Below are some of the remarkable thoughts that the Saint has left us:
— When the Lord helps you succeed in doing a good deed, He forbids the winds to hinder you. He prepares this sweet food for you, so that you may receive it and be strengthened.
— What distances you from God? Carelessness and excessive solicitude are the two wings carrying mankind away from Him.
— The more severe the trial, the greater, therefore, is God’s trust in man, and consequently, the expectation of man’s trust in God.

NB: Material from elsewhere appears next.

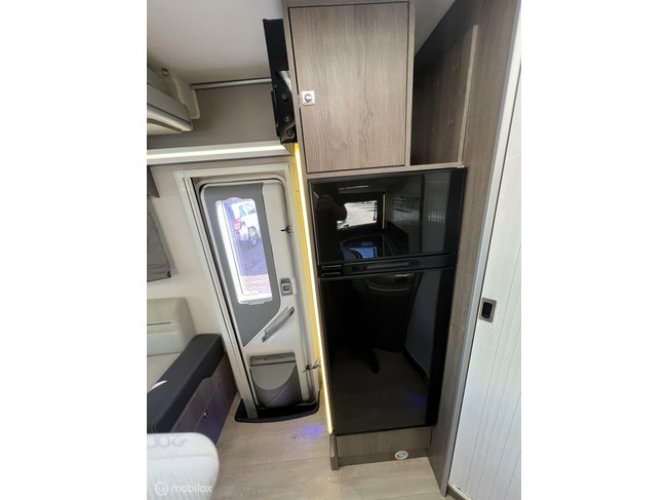 Chausson Titanium 640 xxl paviljoenbed en automaat foto: 17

— The power of humble prayer is immense; it is always answered, though not always in the manner we expect. The Lord replaces our unfulfilled requests with His gifts, which are the most crucial and necessary blessings for us. Only the Lord truly comprehends our needs and what is of utmost importance. In our petitions, we sometimes resemble a child beseeching the flame of a candle.

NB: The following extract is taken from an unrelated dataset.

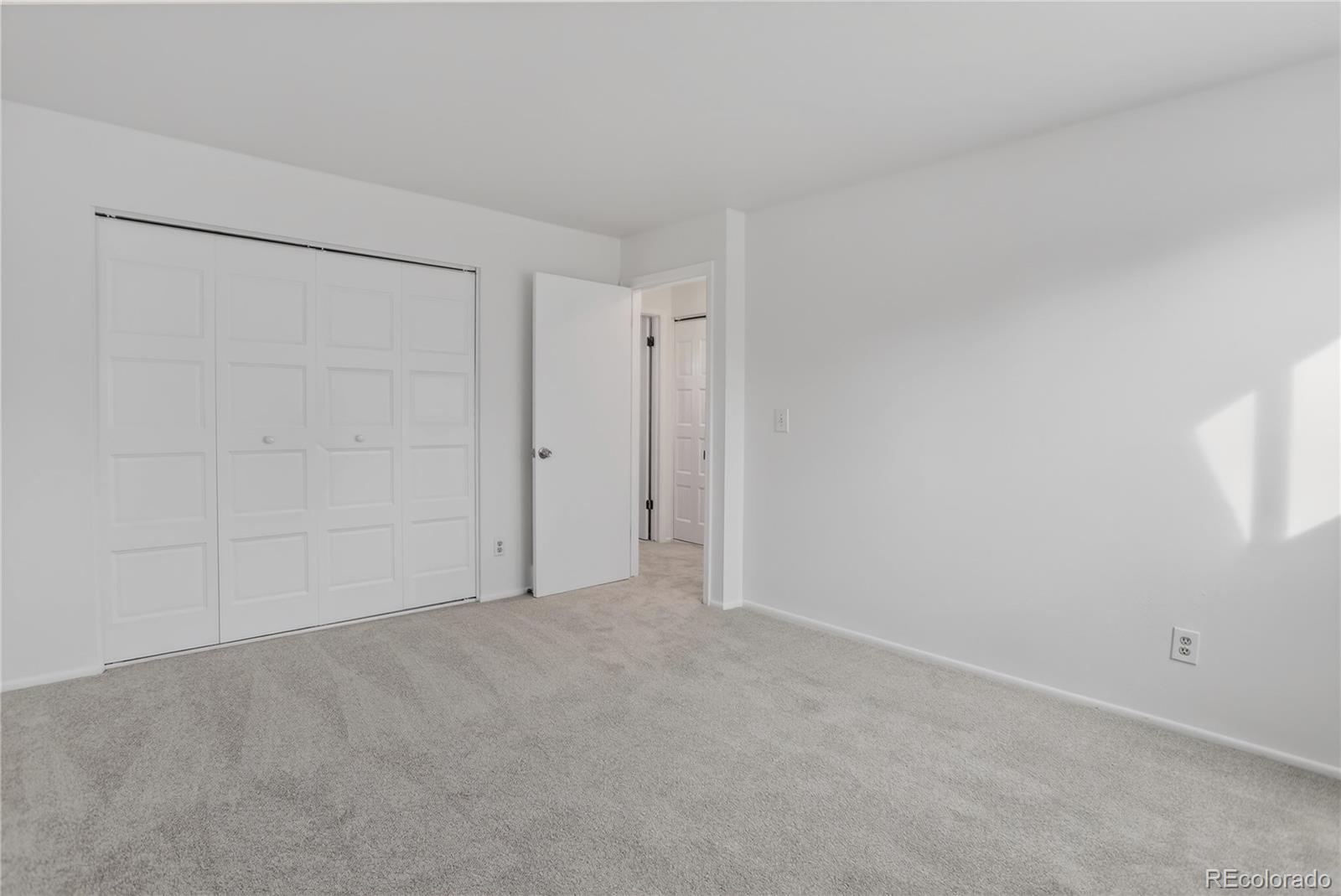 MLS Image #23 for 4560 e lake circle,centennial, Colorado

— In everyone who is being offended, and does not take offense or desire a payback, there is a reflection of Christ’s sufferings.
— We would not endure and die of love for every person, if we saw them as they were in Christ.
— The world is in need of a simple, evangelical way of interaction among people – a way that is free from suspicion, idealization, making demands, or expecting a reward for our love.
— Rarely do we think and feel correctly, and often, contrary to our conscience and the Word of God, we settle for mere approximate honesty in our actions. Frequently, we distort and conceal the truth in our words, while it should be the core of every thought, guiding our every step.
— Living in this world is sailing on the sea of life. Interest in this world is swallowing salt water.
— The kingdom of God is “taken by force”. One must “earn” the higher life by begging, standing in the heat and cold of this world, and reaching out to Heaven.
— To turn to God means, first of all, to submit to His will and, having surrendered, to pray to Him.
— Man has been given the power to transform the water of earthly life into the wine of prayer and thanksgiving to God.
— It is not adequate to merely speak the truth; it should resonate within us, flowing naturally. Truth emerges from a person much like water from a stone in the desert. The acknowledgment of one’s own inadequacy represents the first droplet of this truth.
— Man was created not only to work, but also to love and pray.
— An essential aspect of religious life and human development is the ability to discover the precious within the mundane circumstances and facts that surround us. Much of earthly life may appear inconsequential to man, but religious thought is called to uncover the essence of eternity in every aspect, beginning with the most minor details.
— Every true Christian glorifies the Lord because it is good to live with Him. He is so immensely good that it is better to endure any trial than to be separated from Him.